What you have to do: From the data below, return only the lines from the one with "Bottes Jalan Sriwijaya" through the one with "(4) One Liter Bottles of Rose's Grenadine", exact and inclusive, with pictures left out.

Task data:
=-=-=-=-=

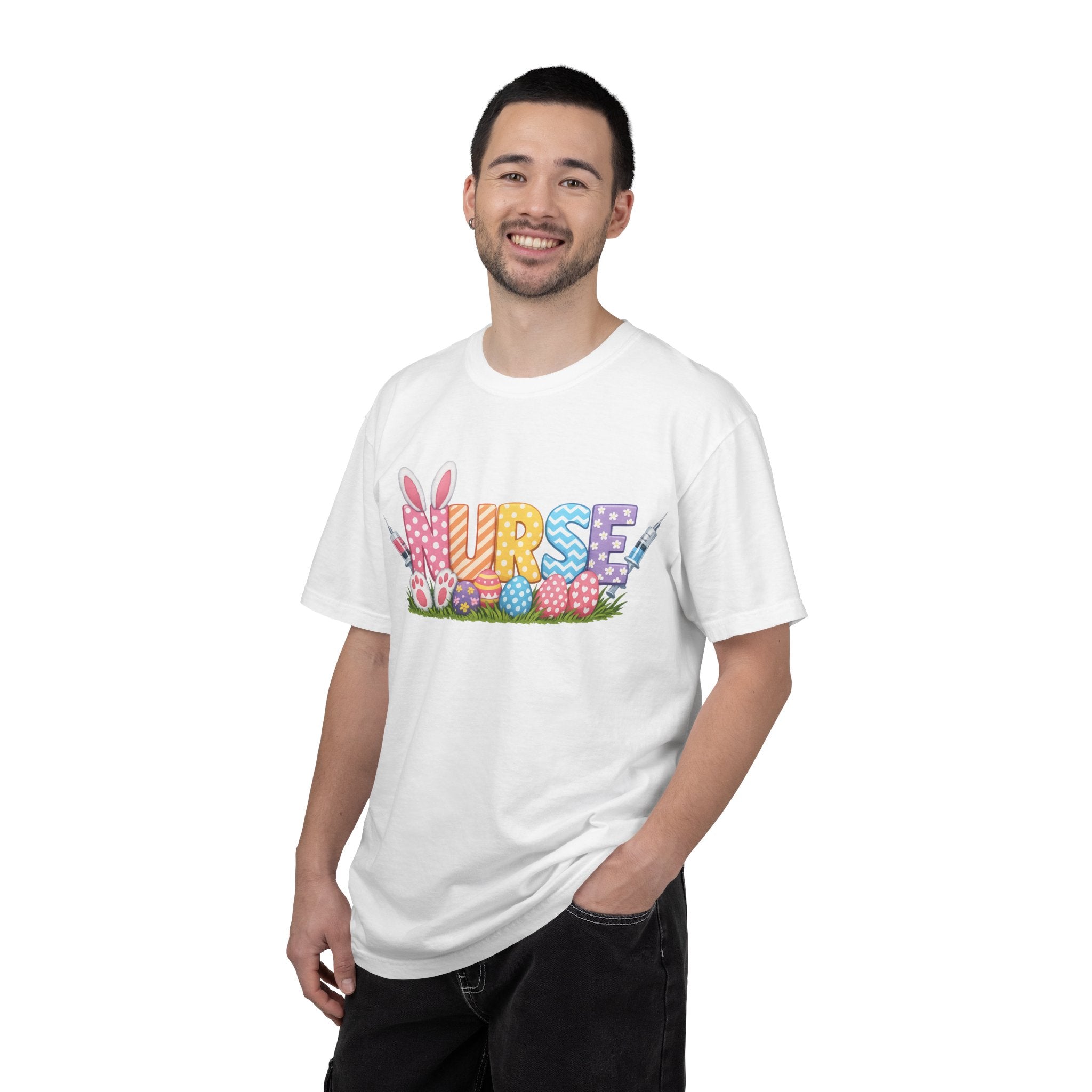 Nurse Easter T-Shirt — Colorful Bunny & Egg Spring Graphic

=-=-=-=-=

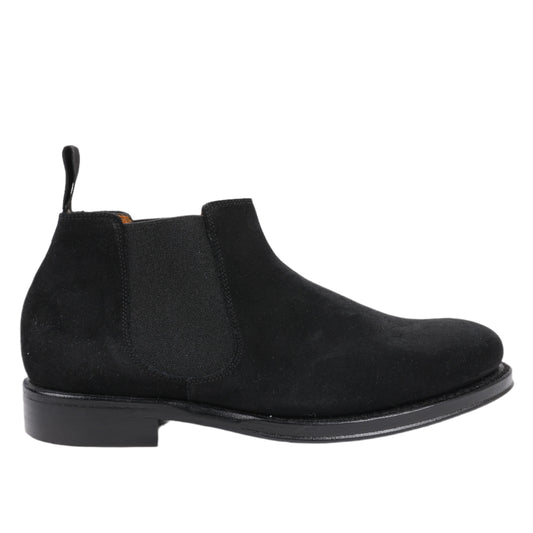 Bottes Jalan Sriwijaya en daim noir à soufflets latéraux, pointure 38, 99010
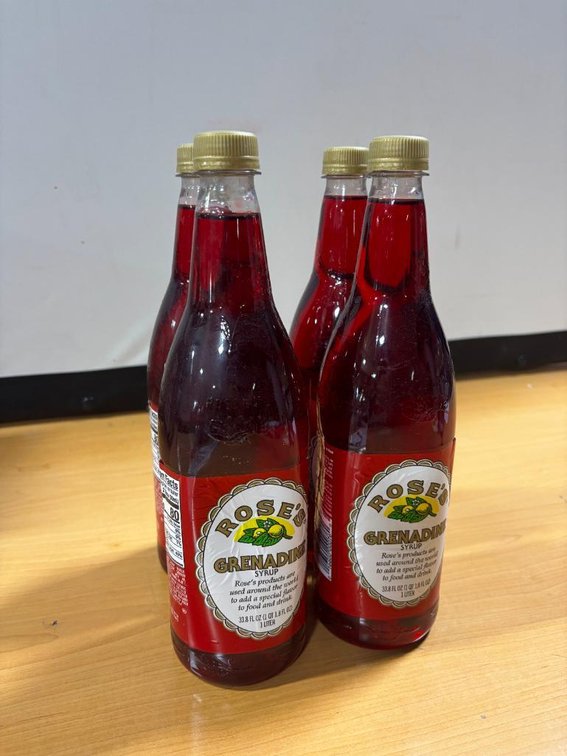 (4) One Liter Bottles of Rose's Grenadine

=-=-=-=-=

Result:
 Bottes Jalan Sriwijaya en daim noir à soufflets latéraux, pointure 38, 99010
 (4) One Liter Bottles of Rose's Grenadine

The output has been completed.